Mr. Speaker, I welcome the opportunity to speak at third reading of Bill C-292, the Kelowna accord implementation act.
The so-called Kelowna accord is the product of a meeting held more than a year ago of the former prime minister, the provincial and territorial premiers and several national aboriginal leaders.
The actual document that is represented as the accord, what the right hon. member for LaSalle—Émard purports to be a binding commitment of the Government of Canada, is in fact a news release presented by the government of the day at the close of the meeting. The release lists several proposed investments that total more than $5 billion over a period of five years.
Although the former government says that it meant this to be a statement of the amount of money it wished to spend, there was no consensus among participants regarding how the money was to be disbursed. There was no detailed plan on how the government would allocate this new funding and how it would ensure that these resources would be spent wisely and produce measurable results.
Indeed, the provincial and territorial premiers and national aboriginal leaders who attended the Kelowna meeting clearly indicated in subsequent statements that considerably more work was needed to develop specific policies, programs and implementation plans.
The challenges that face aboriginal peoples in our country are simply too daunting to be overcome through unfocused, unaccountable spending. A more considered approach is required if we hope to improve socio-economic conditions and to ensure that aboriginal peoples have a standard of living comparable to that of other Canadians.
Canada's new government has developed and begun to implement precisely this type of approach. It is based on practical solutions, targeted expenditures, clear roles and responsibilities, measurable results and accountability, all fundamental elements of prudent, effective administration.
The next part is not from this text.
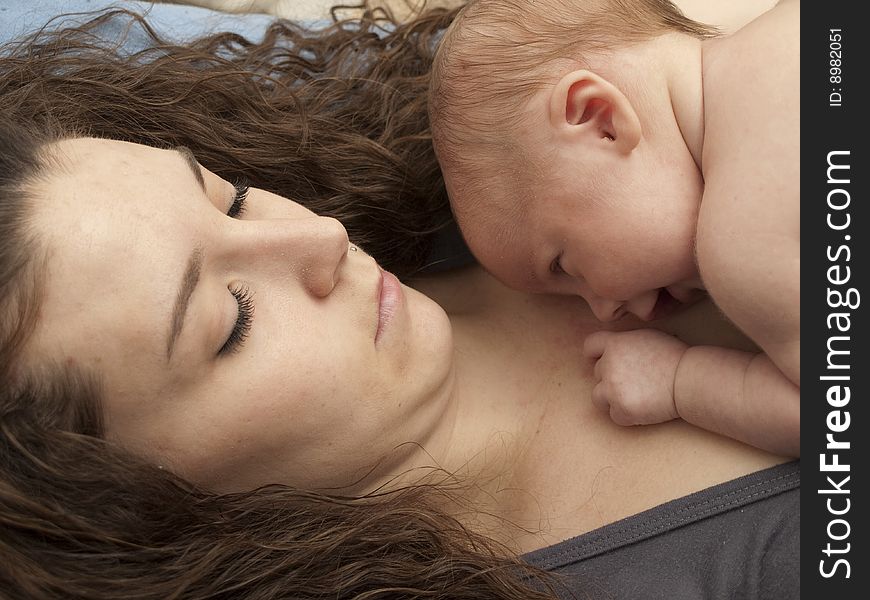 Newborn baby boy resting on mom's chest. Newborn baby boy resting on mom's chest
In the short time this government has been in office, our pragmatic, results based approach has generated tangible results for aboriginal peoples. In fact, the number of achievements is too vast for me to recount in the time that is available to me this evening.
Instead, to illustrate the success of our approach, let me use the last time that the House debated Bill C-292, on October 18, 2006, as a reference point. Let me share with the House just a few examples since that date of how this government has taken concrete steps to begin to improve the quality of life of aboriginal peoples in Canada.
On October 20, Bearspaw First Nation in Alberta opened a state of the art water treatment plant. This achievement stems directly from the plan of action to ensure safe water supplies for first nation communities announced by the Minister of Indian Affairs and Northern Development last March.
As the House is no doubt aware, soon after this government came into office we learned that more than 200 first nations communities had drinking water systems that were classified as high risk or worse. To address this crisis, Canada's new government devoted some $450 million to address issues affecting quality of life, including safe drinking water.
In addition to this vital budgetary measure, the minister and the Assembly of First Nations appointed a three member expert panel to provide legislative options for safe drinking water in first nations communities.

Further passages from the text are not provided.